Rudy K. : « Oui, mais je n’y ai pas pensé sur le moment. En général, les détenus me craignent. Je voulais dire que j’aimais mon travail, j’aimais me lever le matin. »

« Il présente une arborescence assez impressionnante de comportements asociaux »

Les choses n’ont pas toujours été faciles pour le prévenu. Il doit 7 000 € à l’armée, et, sorti de l’école nationale de l’administration pénitentiaire, il n’a pas obtenu de logement et a dû dormir un temps dans sa voiture. Son dossier professionnel note qu’il est disponible, volontaire, courageux, rigoureux. Mais plusieurs incidents sont rapportés : des insultes à un fonctionnaire, des propos à caractères sexistes et sexuels à une employée au ménage, des invectives à des policiers depuis le parking où il se changeait (après avoir dormi dans sa voiture et pour répondre à une remarque qu’il jugeait déplacée, précise-t-il). Le président a qualifié les antécédents de Rudy K. de « peu reluisants ». « On a le sentiment d’avoir affaire à quelqu’un qui est un peu hors cadre et difficile à contrôler », analyse-t-il.

La procureure, en ses réquisitions, est plus véhémente : « Il fait montre d’un égocentrisme assez étonnant lorsqu’il parle de lui et présente une arborescence assez impressionnante de comportements asociaux. » Elle estime qu’il « y a des professions qui ont des responsabilités plus importantes, et on souhaite que ces professions soient inattaquables. La pénitentiaire a ceci de particulier qu’elle est en contact avec des personnes privées de certains droits, un peu de leur dignité leur est grignotée.
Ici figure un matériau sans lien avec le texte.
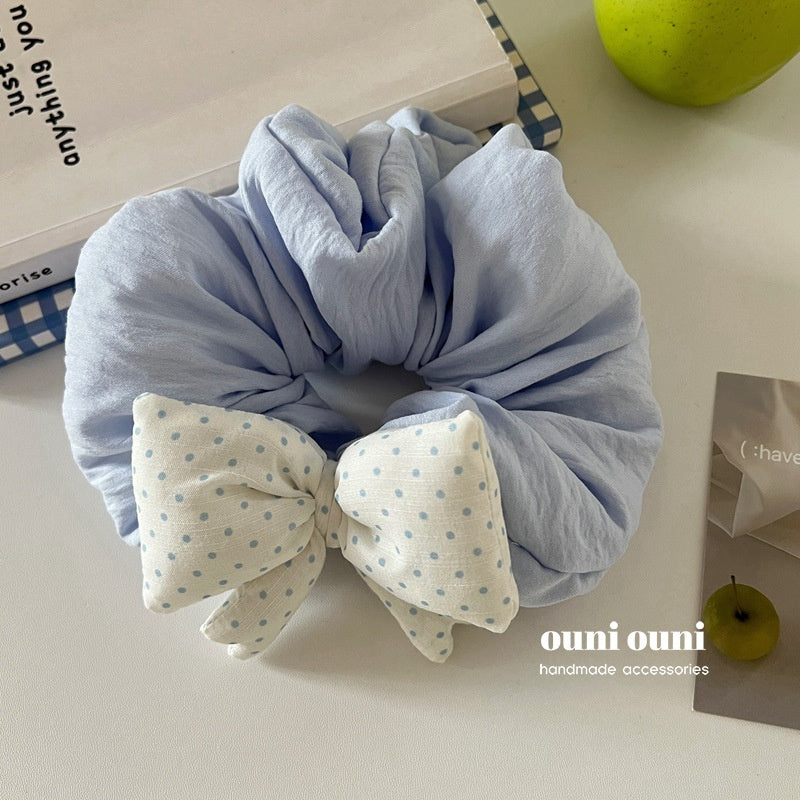 Bow Hair Tie Handmade Cotton-Filled Hairband - Multiple Colors
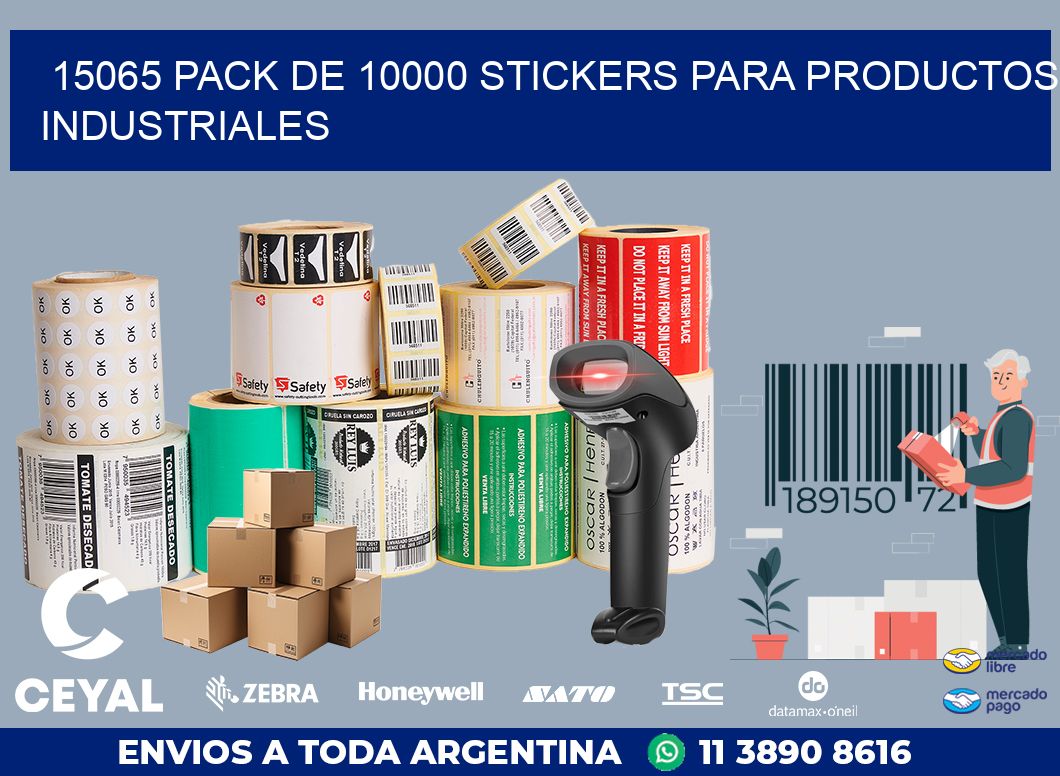 15065 PACK DE 10000 STICKERS PARA PRODUCTOS INDUSTRIALES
Ce sont les surveillants qui font en sorte que les détenus puissent vivre cette période avec dignité et humanité », proclame-t-elle. Elle requiert un an de prison, dont six mois avec sursis, et cinq ans d’interdiction d’exercer. Elle rappelle le « déferlement de violence inouï » qui s’est abattu sur le jeune Jefferson D. (qui a demandé un renvoi sur les intérêts civils), et relève « le dépit » affiché par le prévenu, qui aurait aimé que l’on voit la première vidéo.

La défense rebondit sur cette phrase : « Il a une faille narcissique, mais ce dépit est dû au fait qu’il voulait montrer qu’il était aussi un bon surveillant. » Il n’est pas qu’un ancien para rigide et violent chargé de faire régner l’ordre par la terreur dans les coursives les plus agitées. « Monsieur K. n’est pas qu’une personne détestable, maladroite, impulsive », mais il est aussi un surveillant très efficace. Et que fait l’accusation ? « On le met à terre, on le détruit et on le piétine. » Elle ne revient pas sur la peine demandée, mais estime que le tribunal n’est pas apte à apprécier, sur la base du dossier et de l’audience, si Monsieur K. dispose des capacités pour exercer cette profession. C’est à la commission professionnelle, qui attend la décision, de se prononcer sur ce point.

La décision sera rendue le 9 novembre.